The New York Times advised its staff to keep referring to W2, feeling that its successor could “only accelerate the deterioration of the mother tongue”. The National Review found W3 “big, expensive and ugly” and said it had “only one standard – inclusiveness”. The Journal of the American Bar Association called it “a flagrant example of lexicographic irresponsibility”, while the Richmond News Leader said that no school or library was compelled to buy it,* and that “no English teacher need respect its corruptions” [via]. Dwight Macdonald, in an influential savaging in the New Yorker, called it a “massacre” and wondered “where completeness ends and madness begins”. He said it had “made a sop of the solid structure of English, and encouraged the language to eat up himself”.

Solid structure? Himself?! At this point I need to remind myself that yes, he was writing about the English language.

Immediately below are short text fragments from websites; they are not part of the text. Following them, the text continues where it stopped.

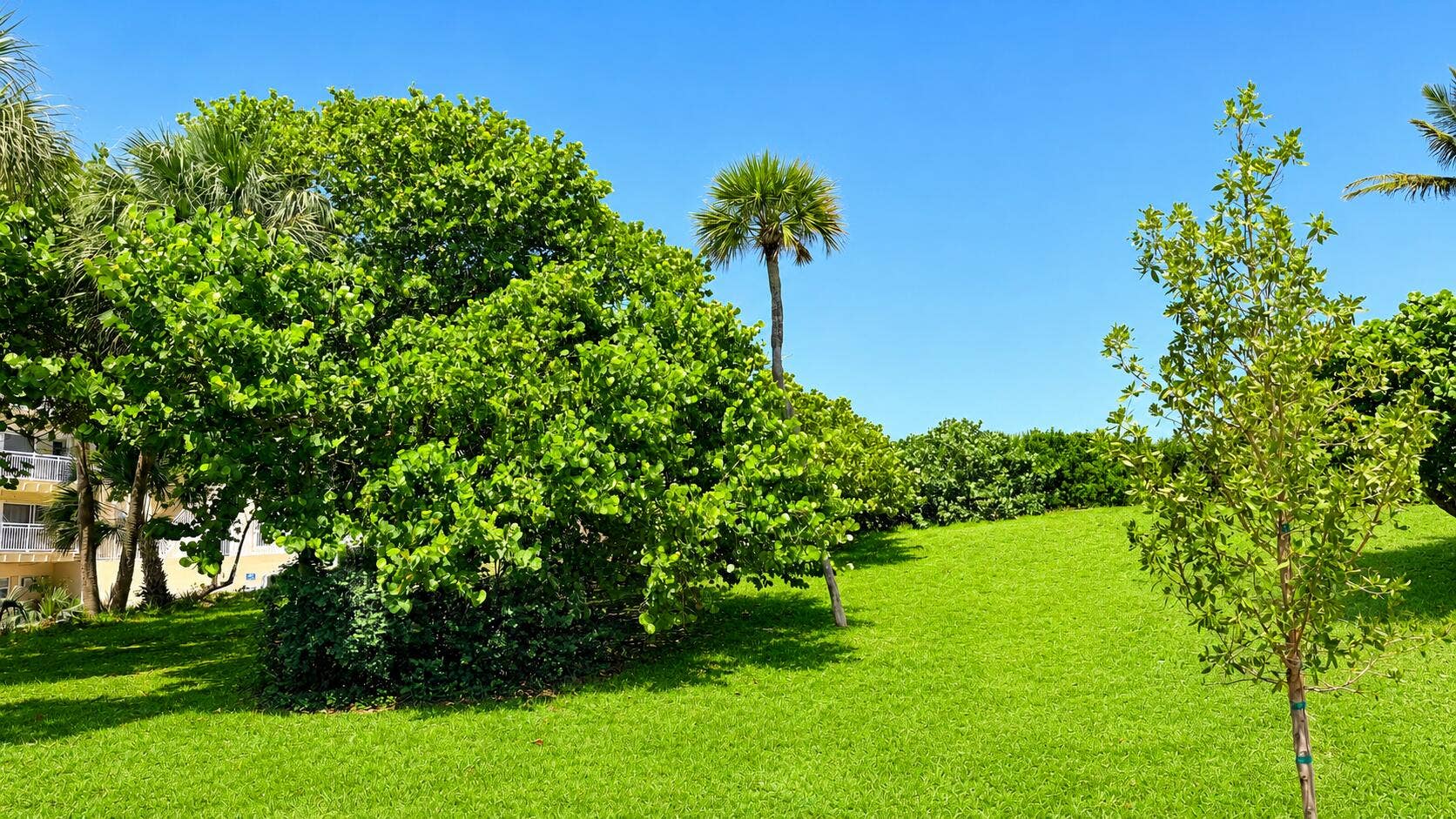 4501 S Ocean Boulevard, #D4, South Palm Beach, FL 33480 Beachside Park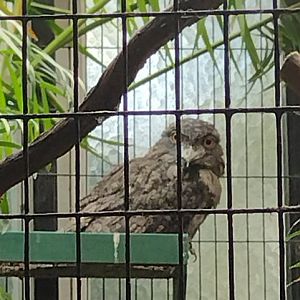 Tawny Frogmouth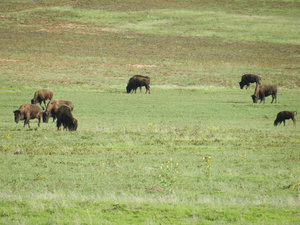 Kudde bizons (1)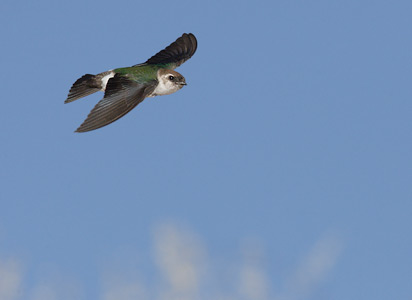 Violet-green Swallow (Tachycineta thalassina) photo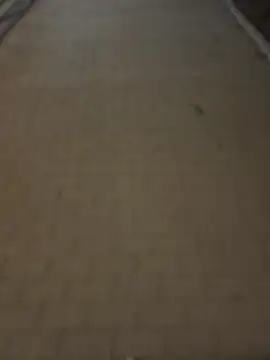 PublicMarekFlashDick webcam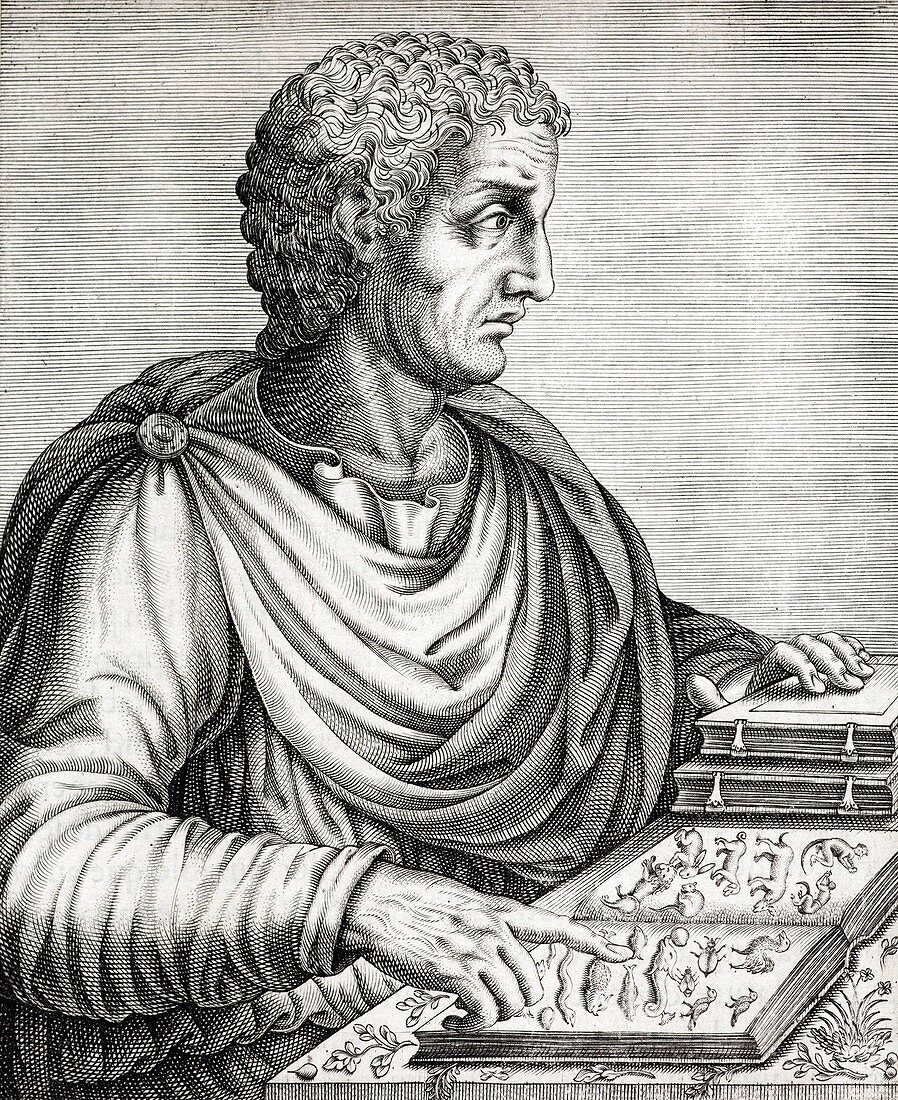 Pliny the Elder Roman Naturalist AD77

A few critics were less caustic and appreciated W3’s non-judgemental approach and modern linguistic sense. (Though they generally had reservations too.) Mario Pei noted its “many commendable features”, predicting that it would “enjoy a healthy life, even if not too prolonged”, while Robert Burchfield described it as “a bold landmark fashioned to meet the needs of the present”. Ethel Strainchamps praised the dictionary in a St. Louis Post-Dispatch review, then wrote a follow-up article that addressed the shortcomings of some of the criticism. She believed the attacks suggested a “cultural lag”, about which more below.